- Opening Delimiter -

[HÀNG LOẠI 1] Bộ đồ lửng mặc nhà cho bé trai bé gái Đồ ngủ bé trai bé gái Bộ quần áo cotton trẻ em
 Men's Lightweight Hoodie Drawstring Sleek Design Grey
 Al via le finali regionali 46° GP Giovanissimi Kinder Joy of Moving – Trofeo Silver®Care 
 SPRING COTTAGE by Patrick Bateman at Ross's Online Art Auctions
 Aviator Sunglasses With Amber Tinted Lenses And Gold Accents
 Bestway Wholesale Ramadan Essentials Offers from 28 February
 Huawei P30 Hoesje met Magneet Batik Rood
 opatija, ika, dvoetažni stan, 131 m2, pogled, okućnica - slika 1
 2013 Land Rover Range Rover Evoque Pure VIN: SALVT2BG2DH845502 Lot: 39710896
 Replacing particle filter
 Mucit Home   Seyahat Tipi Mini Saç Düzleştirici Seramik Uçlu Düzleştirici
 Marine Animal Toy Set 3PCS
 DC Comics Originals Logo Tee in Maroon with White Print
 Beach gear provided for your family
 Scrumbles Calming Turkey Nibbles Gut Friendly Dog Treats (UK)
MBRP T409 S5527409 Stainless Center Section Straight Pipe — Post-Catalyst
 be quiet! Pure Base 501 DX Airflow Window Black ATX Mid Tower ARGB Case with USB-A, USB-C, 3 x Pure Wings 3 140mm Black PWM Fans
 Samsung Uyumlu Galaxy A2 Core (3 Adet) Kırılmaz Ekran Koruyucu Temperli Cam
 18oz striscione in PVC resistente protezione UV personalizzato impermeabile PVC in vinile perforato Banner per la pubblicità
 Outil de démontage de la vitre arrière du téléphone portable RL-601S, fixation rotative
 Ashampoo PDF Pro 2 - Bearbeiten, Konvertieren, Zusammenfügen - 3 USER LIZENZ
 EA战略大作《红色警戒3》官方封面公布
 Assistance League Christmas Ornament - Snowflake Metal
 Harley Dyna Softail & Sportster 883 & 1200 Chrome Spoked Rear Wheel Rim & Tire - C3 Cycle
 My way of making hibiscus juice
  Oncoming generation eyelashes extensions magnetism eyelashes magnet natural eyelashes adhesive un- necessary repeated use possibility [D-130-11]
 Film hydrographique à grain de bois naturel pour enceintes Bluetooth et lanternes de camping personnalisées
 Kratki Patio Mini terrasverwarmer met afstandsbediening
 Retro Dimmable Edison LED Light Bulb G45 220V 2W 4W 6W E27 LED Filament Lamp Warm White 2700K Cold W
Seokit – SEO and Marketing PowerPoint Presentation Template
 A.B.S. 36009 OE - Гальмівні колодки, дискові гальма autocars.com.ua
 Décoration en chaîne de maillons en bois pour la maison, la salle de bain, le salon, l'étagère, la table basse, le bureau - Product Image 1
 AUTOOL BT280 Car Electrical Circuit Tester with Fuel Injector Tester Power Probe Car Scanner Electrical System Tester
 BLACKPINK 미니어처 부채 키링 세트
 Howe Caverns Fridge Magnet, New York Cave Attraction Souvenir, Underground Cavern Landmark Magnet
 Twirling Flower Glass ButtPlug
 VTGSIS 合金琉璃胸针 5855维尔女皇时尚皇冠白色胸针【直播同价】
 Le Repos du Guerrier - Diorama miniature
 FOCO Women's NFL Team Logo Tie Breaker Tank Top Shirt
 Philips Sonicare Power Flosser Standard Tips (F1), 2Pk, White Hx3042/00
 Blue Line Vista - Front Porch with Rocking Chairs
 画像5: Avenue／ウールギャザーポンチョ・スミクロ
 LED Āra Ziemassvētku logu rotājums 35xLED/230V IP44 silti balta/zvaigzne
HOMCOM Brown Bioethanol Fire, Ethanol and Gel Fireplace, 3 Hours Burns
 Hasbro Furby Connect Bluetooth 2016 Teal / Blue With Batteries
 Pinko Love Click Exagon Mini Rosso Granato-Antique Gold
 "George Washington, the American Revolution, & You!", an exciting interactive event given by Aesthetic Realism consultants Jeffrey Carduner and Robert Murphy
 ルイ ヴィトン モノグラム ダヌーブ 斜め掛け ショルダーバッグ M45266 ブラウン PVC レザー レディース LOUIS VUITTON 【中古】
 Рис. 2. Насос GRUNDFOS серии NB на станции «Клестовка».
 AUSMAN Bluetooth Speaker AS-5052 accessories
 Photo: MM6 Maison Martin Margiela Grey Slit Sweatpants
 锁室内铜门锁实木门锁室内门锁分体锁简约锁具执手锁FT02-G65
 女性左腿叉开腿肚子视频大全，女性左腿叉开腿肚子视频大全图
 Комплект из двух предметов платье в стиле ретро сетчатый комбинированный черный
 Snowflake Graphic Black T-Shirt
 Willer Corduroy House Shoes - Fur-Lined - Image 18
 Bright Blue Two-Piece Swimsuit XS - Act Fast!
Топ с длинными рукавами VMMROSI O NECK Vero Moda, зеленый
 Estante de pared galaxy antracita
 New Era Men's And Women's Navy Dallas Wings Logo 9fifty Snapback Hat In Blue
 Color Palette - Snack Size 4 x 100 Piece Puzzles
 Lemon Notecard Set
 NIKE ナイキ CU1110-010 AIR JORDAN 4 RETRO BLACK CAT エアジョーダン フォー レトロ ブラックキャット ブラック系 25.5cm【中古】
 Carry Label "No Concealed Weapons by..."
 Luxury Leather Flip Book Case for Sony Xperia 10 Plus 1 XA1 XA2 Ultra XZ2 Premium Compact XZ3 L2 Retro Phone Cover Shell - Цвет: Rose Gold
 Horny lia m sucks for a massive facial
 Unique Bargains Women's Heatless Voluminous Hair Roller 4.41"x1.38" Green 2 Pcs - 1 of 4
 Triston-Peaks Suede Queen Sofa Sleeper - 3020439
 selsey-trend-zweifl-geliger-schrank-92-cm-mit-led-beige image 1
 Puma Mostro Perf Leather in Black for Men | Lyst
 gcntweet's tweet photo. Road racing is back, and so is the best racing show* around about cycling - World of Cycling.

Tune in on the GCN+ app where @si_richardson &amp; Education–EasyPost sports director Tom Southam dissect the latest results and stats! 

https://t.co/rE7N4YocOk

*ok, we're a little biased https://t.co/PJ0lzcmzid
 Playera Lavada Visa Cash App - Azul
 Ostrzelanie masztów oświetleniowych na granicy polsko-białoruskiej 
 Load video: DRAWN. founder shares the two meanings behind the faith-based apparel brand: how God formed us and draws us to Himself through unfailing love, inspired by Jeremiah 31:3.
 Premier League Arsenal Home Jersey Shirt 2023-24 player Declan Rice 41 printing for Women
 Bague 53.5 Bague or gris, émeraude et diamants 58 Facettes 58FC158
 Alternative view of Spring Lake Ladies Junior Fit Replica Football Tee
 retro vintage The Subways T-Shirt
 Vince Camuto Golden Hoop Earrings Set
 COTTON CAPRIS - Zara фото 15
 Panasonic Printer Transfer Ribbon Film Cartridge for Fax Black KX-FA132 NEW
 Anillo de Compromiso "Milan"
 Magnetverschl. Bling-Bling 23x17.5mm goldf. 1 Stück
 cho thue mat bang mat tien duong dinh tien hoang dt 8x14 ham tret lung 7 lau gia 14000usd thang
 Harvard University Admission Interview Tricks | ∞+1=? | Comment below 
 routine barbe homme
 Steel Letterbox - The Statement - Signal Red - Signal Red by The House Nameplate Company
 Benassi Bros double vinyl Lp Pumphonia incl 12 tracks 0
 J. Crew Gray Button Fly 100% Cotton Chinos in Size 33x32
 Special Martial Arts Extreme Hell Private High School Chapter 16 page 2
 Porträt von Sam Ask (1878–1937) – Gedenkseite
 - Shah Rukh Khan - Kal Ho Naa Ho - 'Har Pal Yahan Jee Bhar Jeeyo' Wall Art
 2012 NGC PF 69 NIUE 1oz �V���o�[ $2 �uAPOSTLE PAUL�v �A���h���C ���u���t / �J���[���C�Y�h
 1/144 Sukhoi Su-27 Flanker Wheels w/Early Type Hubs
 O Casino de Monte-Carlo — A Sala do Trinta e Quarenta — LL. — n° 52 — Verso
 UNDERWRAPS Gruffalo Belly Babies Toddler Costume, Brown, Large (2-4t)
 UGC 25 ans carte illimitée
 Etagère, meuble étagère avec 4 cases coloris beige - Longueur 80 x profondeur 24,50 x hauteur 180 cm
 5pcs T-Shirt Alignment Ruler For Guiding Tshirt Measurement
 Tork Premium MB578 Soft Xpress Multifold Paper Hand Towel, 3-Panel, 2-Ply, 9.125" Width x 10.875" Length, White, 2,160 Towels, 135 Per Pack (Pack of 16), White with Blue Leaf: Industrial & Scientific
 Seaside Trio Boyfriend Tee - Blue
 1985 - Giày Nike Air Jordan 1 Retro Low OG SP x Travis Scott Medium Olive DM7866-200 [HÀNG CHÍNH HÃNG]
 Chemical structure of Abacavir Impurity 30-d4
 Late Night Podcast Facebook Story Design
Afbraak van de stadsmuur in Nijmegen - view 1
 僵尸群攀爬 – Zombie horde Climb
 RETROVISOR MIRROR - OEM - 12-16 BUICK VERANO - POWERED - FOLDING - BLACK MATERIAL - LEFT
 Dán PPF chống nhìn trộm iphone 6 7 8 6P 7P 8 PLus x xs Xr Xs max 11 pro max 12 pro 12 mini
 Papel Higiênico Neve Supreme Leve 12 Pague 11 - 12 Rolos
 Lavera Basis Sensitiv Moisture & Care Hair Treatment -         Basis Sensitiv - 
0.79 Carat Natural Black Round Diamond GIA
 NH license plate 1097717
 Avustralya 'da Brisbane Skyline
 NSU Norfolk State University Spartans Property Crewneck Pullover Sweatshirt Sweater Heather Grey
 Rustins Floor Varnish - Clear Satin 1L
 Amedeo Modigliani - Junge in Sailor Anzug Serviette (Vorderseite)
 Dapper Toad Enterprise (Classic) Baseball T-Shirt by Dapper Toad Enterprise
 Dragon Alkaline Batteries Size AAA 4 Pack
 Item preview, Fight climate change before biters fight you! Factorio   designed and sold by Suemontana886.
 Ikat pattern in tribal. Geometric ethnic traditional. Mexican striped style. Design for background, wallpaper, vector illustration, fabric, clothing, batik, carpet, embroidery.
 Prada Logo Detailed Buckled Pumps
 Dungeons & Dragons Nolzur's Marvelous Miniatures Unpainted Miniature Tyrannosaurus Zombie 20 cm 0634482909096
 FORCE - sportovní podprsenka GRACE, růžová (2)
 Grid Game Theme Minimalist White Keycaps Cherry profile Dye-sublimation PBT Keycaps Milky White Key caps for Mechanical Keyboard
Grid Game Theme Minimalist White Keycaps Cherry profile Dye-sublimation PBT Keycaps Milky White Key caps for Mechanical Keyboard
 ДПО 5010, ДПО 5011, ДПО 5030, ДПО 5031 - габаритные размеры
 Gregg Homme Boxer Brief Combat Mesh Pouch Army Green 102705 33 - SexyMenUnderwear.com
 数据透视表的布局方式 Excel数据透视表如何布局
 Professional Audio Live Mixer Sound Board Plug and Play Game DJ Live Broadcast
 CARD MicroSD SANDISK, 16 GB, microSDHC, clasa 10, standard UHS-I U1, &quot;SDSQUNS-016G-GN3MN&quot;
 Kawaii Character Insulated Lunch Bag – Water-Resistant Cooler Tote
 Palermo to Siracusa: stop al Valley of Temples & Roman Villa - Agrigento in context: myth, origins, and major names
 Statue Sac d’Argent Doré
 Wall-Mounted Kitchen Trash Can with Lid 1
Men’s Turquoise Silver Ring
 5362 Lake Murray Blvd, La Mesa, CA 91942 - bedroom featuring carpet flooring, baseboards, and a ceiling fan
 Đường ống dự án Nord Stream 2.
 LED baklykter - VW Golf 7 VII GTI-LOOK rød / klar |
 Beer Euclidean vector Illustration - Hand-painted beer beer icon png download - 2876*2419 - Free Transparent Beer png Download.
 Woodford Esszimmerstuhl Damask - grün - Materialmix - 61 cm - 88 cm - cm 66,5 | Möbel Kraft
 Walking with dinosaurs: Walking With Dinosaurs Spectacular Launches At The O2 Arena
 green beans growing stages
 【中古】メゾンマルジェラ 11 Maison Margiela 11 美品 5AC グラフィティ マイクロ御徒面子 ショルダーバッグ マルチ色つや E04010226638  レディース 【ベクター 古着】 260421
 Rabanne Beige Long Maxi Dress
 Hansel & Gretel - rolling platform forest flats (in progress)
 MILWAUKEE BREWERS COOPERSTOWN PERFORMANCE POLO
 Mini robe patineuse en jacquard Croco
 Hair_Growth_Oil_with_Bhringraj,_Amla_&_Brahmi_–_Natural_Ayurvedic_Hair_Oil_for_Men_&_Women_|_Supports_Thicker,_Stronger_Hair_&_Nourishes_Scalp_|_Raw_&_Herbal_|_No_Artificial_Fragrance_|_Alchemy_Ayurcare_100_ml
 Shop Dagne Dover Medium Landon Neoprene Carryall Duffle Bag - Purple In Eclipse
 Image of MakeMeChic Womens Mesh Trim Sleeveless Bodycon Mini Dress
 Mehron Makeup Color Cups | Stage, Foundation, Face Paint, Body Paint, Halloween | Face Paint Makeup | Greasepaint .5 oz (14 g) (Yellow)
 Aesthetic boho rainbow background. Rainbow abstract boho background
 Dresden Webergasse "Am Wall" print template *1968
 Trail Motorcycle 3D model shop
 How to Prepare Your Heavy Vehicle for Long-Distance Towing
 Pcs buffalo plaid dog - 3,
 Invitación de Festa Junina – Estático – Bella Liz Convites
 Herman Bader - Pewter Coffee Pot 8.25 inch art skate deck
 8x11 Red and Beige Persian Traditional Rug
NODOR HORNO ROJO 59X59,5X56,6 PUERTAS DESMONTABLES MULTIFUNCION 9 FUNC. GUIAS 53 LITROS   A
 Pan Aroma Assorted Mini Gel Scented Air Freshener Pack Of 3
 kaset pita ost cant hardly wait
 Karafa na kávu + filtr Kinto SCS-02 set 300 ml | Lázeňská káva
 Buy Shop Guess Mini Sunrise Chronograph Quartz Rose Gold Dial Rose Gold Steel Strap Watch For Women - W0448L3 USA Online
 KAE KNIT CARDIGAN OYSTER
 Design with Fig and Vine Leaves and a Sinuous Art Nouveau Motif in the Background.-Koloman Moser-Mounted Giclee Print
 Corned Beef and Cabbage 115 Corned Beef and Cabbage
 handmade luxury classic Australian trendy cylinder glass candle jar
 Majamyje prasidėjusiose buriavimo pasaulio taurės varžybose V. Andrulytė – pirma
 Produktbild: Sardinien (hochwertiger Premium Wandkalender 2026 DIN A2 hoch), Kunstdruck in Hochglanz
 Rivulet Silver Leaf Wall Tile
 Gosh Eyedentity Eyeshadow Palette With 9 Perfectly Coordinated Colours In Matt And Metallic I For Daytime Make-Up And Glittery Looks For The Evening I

- Closing Delimiter -

• **DIRECTIONS**
Above this instruction are the records; retype exactly the lines from the one containing "Film hydrographique à" up to and including the one containing "A.B.S. 36009 OE".

• **RESPONSE FOR THIS EXERCISE**
 Film hydrographique à grain de bois naturel pour enceintes Bluetooth et lanternes de camping personnalisées
 Kratki Patio Mini terrasverwarmer met afstandsbediening
 Retro Dimmable Edison LED Light Bulb G45 220V 2W 4W 6W E27 LED Filament Lamp Warm White 2700K Cold W
Seokit – SEO and Marketing PowerPoint Presentation Template
 A.B.S. 36009 OE - Гальмівні колодки, дискові гальма autocars.com.ua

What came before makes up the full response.